# Constant Cp vs. Average Cp



## SK82 P.E. (Oct 13, 2016)

Sorry if this is a repeat question but I didn't see an answer that convinced me one way or another.  

So I'm ok with the principle of Qdot = m*cp*delta T.  So far I've been assuming constant specific heat regardless if it's air or water entering a heat exchanger.  If I understand the MERM correctly, you can take an average cp when the temp range of the inlet and outlet is significant or if both temps are high?  There is a post that said to don't assume constant cp and just use the cp for the temp of the inlet since this will have more impact on the system. 

There are problems in the NCEES exams where they give you the specific heat and It looks like the other problems where they don't give you this info, they assumed constant specific heat.  So is it good assumption to assume constant specific heat when they don't give you the value in the problem? or what?

The solution for problem #514 uses the constant cp of 1 for water.  Their answer is roughly 32,000.  If use the cp for the average, 1.19, my answer is roughly 38,000.  If i use a cp at the inlet of 460 of about 1.12, I get 35,996.  The answer choice given is 35,000.

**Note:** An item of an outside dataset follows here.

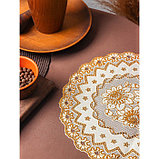 Салфетка ажурная для стола «Букет», d=30 см, цвет золото, фото 2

Right not, I will assume a constant cp unless someone more informed tells me otherwise.


----------



## Audi Driver P.E. (Oct 13, 2016)

In most cases it's correct to assume a constant specific heat.  And if it is given in the problem it's pretty safe to assume that is the value they want you to use.  For the most part specific heat doesn't change a lot.  Even if you were to use the Cp of 1.19, the closest answer in this problem is still B.  The test writers take that into consideration when giving answer choices.


----------